Thursday, September 15, 2011

What Ching Chong Actually Means (Regarding Racism)

Fact: I'm Chinese. I speak the language, look the part, and act the part.

I came to the US when I was six. In fourth grade, I was riding the bus when these two obnoxious girls behind me made a remark obviously directed at me: 'ching chong.'

I decided to be the better person and ignore them; eventually they tired of saying the phrase over and over and became silent. I was tempted, back then, to hurl back their way one of several choice of insults about their obesity or overly large noses, some of the many stereotypes Asians have about Americans. I decided not to, however, because I knew the true meaning of 'ching chong.'

Now, think of the worst possible insult you could make about yourself. Something so heinously awful that it would make Hitler or Bill O'Reilly burst into tears. Yup, that's right. That's what 'ching chong' means.


Trollface: U mad, bro?



Trolololol, I keed I keed. 'Ching chong' means absolutely nothing at all - it's not even a Chinese word/phrase. Failsauce. Now comes the question, "What does this have to do with the book I'm reading?" Well, I was getting to that.

I'm currently reading a book called "American Shaolin" by Matthew Polly. The book is about an American who, obsessed with kungfu, travels to China to learn kungfu from the original masters: the Shaolin monks. Side note: to see how awesome the Shaolin style of kungfu is in relation to modern day life, watch Shaolin Soccer - with subtitles, of course.


Soccer and mortal peril sometimes don't mix. In this case, they do.



Anyways. What this book has to do with my blog post is this: in the book, there's a moderate to extreme amount of white stereotyping. The Chinese people in the book consider Americans to be either obese, arrogant, condescending, big-nosed, or giants in matters of height. Obviously, this doesn't apply to all whites.

If the Chinese stereotyping of whites leaves a sour taste in your mouth, consider the other side of the story.

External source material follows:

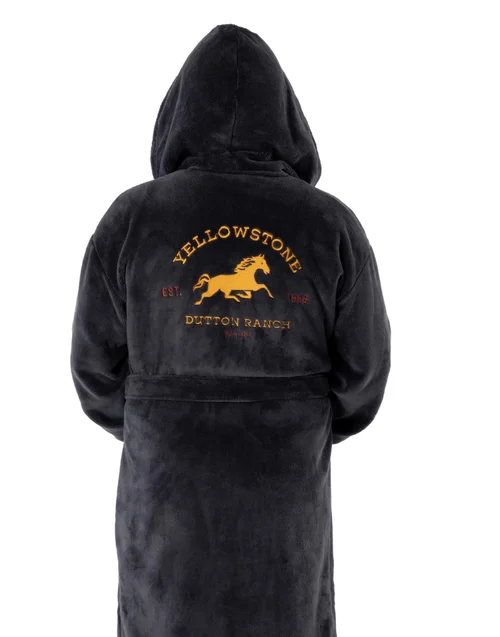 Yellowstone Blue Dutton Ranch Montana Hooded Bathrobe - Small Image 2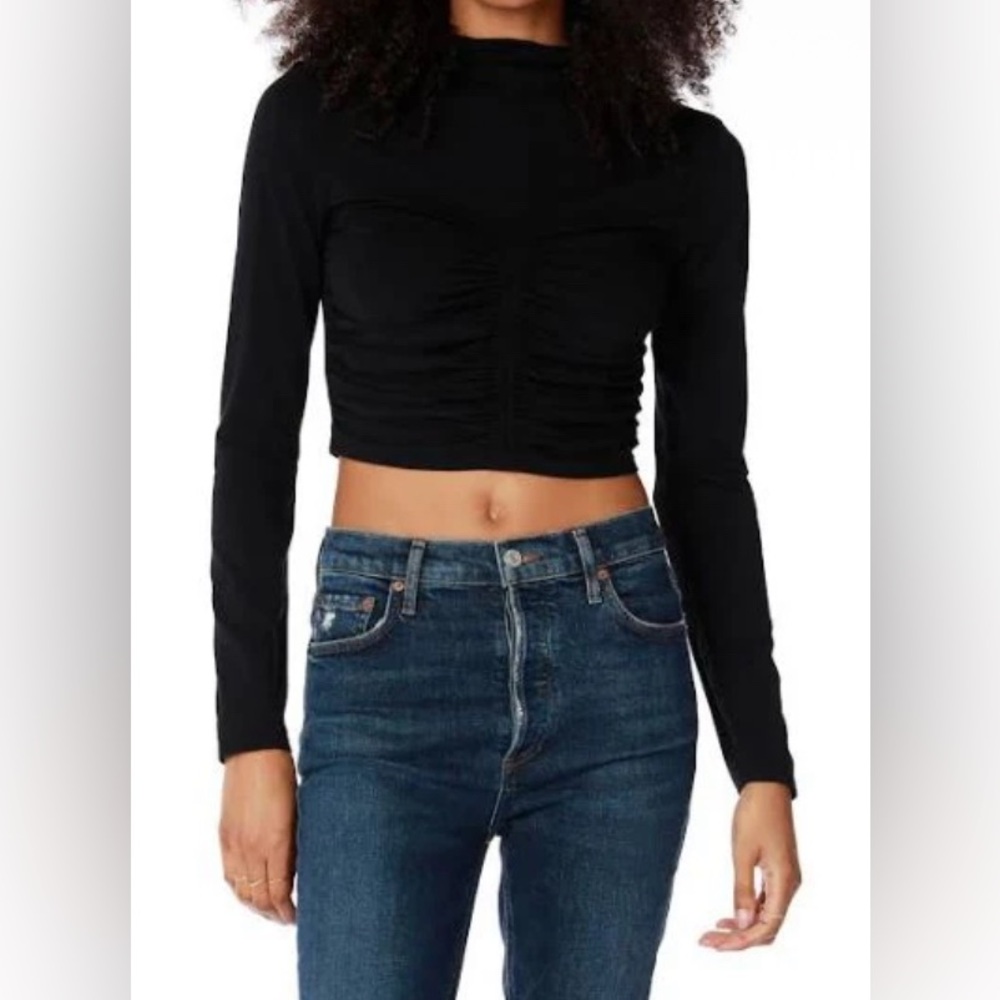 Bobi Cropped Center Shirred Mock Neck Top - NWT - Size L Black Long Sleeve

There's this overwhelming assumption in the US, I've found, that Asians have tiny slanted eyes, a preference for dog, small reproductive organs, a lack of hygiene, and/or a tendency to be loud.

Obviously, none of this is universally true. For instance, while most Asians have said physical features; like with any race, there are exceptions. But meh, I'm just stating the obvious. Let's talk about dogs.

Personally, I've never eaten any animal you could consider a pet in my life, and neither have my parents. (We HAVE, however, eaten chicken feet, jellyfish, beef small intestine, and pork tongue. Don't judge.) Recently, Chinese citizens have been protesting the presence of dogs at the dinner table (only in some regions of China and more dominantly in Korea) due to more and more of the Chinese nouveau riche owning pets. This is good. Definitely good.


A succulent dish of jellyfish.



There are other stereotypes which I won't bother dispelling because they'd be too awkward and because I'm tired. If you're smart, you'll look them up and be rewarded with knowledge. (And a virtual cookie.)